**What the task requires**: In the records below, repeat exactly the lines between the line holding "2019 Toyota C-HR." and the line holding "In addition to", inclusive, and drop the pictures.

[Dataset excerpts]
○ ○ ○ ○

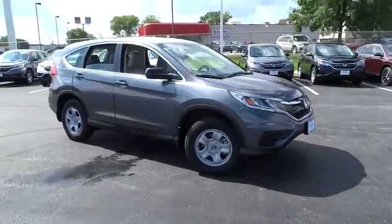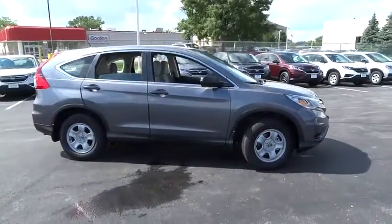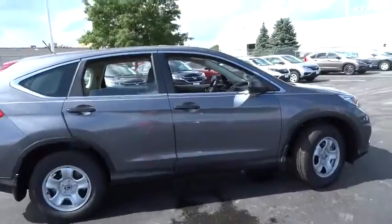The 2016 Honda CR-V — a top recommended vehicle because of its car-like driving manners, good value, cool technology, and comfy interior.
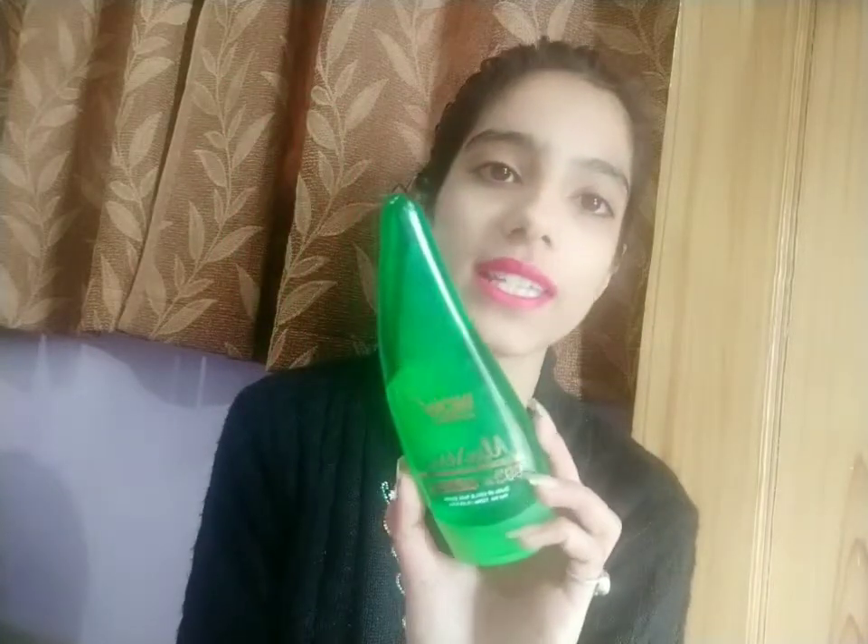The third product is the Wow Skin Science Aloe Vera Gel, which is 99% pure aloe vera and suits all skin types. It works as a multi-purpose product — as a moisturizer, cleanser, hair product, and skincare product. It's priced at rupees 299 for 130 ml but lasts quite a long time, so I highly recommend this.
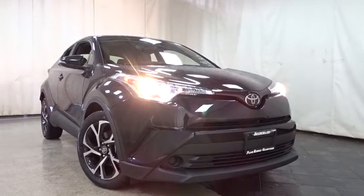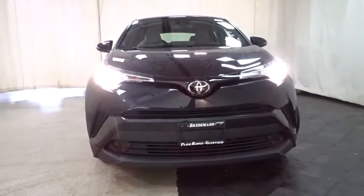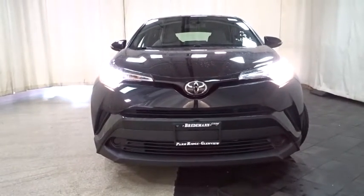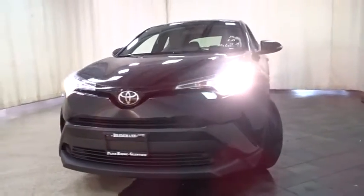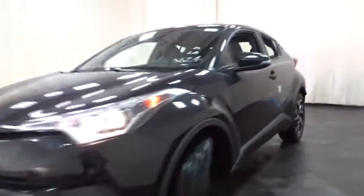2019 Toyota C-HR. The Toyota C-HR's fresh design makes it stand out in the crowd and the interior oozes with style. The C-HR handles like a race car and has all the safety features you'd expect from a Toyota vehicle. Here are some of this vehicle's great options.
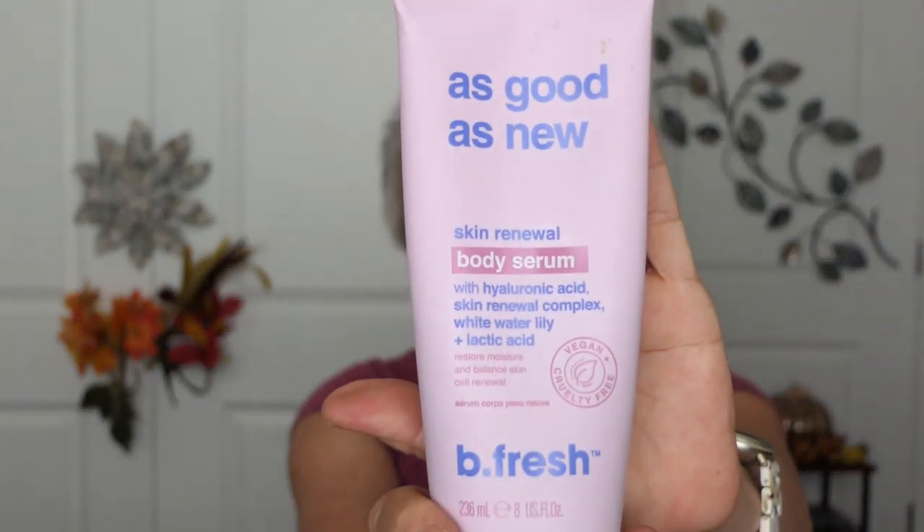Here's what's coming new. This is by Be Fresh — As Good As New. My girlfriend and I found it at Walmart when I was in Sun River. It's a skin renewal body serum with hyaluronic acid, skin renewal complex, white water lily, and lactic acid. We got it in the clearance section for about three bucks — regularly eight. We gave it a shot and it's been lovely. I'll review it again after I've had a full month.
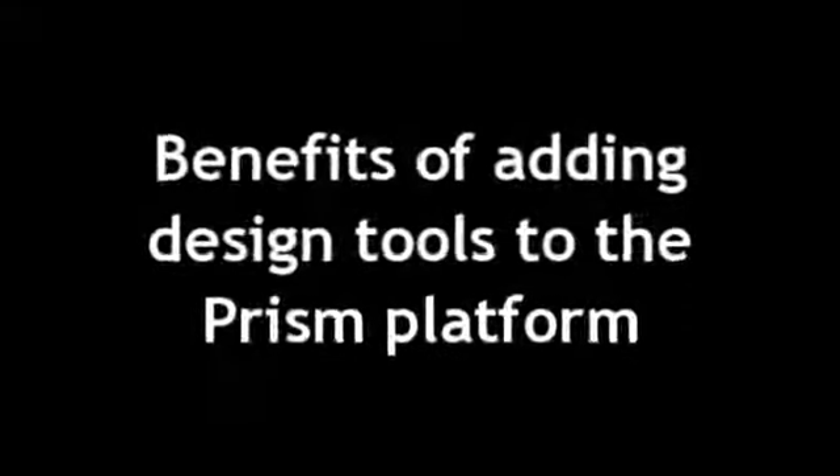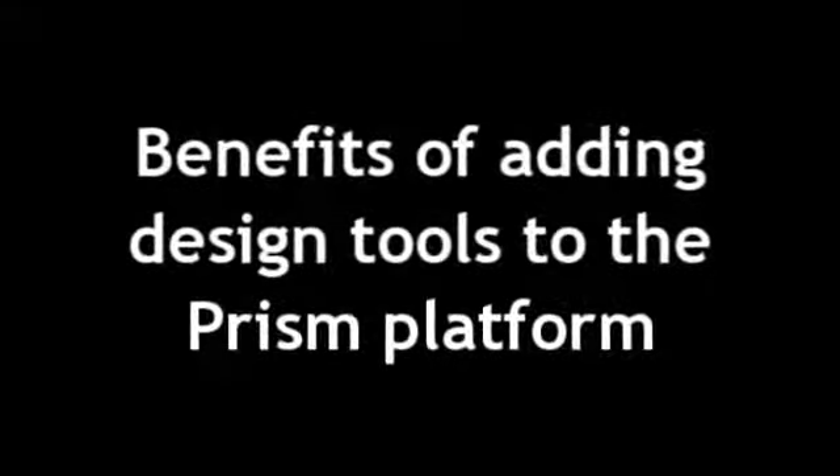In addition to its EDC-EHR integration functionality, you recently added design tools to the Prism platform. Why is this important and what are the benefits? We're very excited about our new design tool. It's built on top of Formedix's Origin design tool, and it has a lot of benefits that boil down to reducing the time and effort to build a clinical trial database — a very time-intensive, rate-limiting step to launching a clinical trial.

○ ○ ○ ○

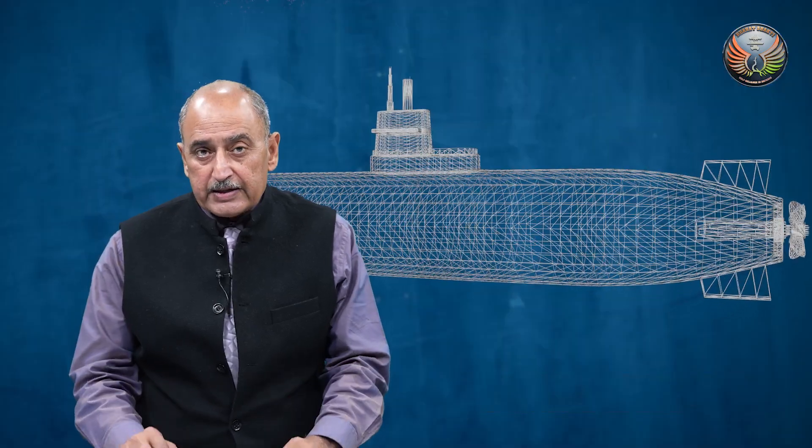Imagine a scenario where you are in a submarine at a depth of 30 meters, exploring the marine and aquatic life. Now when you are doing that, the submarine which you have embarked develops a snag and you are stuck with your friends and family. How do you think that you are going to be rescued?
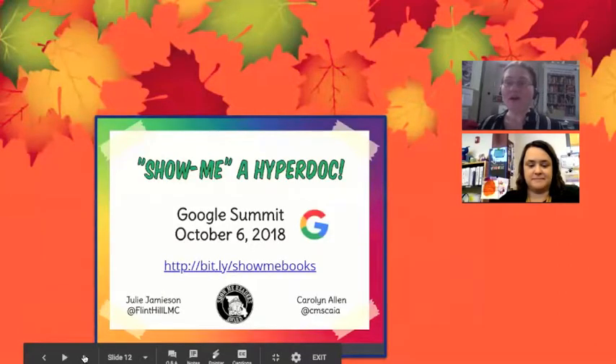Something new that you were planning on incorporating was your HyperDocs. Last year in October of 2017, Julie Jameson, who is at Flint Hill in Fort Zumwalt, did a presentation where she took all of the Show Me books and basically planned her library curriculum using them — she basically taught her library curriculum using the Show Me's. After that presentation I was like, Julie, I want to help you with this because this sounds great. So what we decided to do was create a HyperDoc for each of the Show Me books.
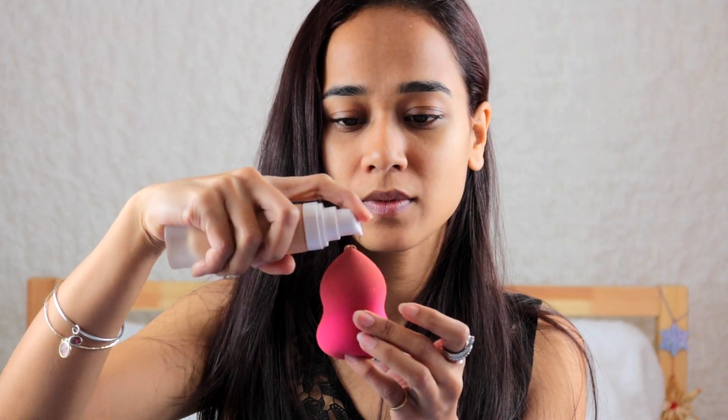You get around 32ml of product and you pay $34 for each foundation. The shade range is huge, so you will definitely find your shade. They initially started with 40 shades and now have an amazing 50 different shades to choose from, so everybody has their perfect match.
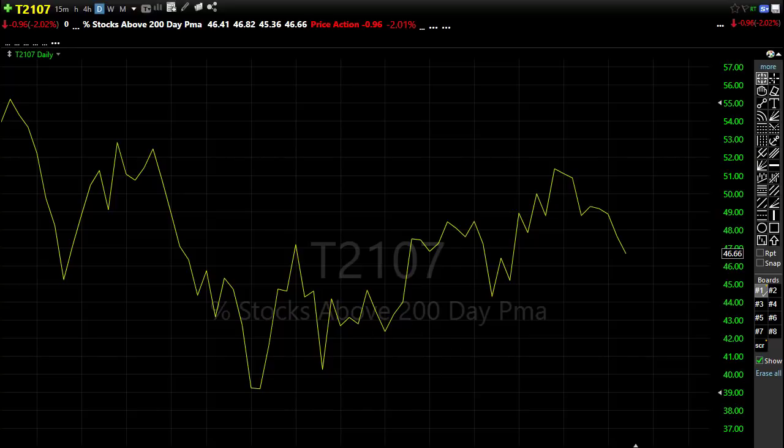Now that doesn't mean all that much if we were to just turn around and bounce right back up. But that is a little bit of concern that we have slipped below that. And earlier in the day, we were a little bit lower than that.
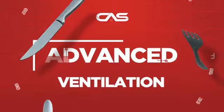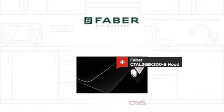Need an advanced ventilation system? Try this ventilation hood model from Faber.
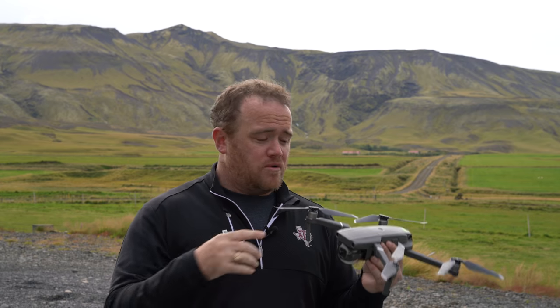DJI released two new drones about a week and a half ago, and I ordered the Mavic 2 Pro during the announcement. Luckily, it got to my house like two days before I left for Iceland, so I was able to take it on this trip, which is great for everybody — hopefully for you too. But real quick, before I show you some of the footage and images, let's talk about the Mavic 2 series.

○ ○ ○ ○

**Exercise response**:
2019 Toyota C-HR. The Toyota C-HR's fresh design makes it stand out in the crowd and the interior oozes with style. The C-HR handles like a race car and has all the safety features you'd expect from a Toyota vehicle. Here are some of this vehicle's great options.
Here's what's coming new. This is by Be Fresh — As Good As New. My girlfriend and I found it at Walmart when I was in Sun River. It's a skin renewal body serum with hyaluronic acid, skin renewal complex, white water lily, and lactic acid. We got it in the clearance section for about three bucks — regularly eight. We gave it a shot and it's been lovely. I'll review it again after I've had a full month.
In addition to its EDC-EHR integration functionality, you recently added design tools to the Prism platform. Why is this important and what are the benefits? We're very excited about our new design tool. It's built on top of Formedix's Origin design tool, and it has a lot of benefits that boil down to reducing the time and effort to build a clinical trial database — a very time-intensive, rate-limiting step to launching a clinical trial.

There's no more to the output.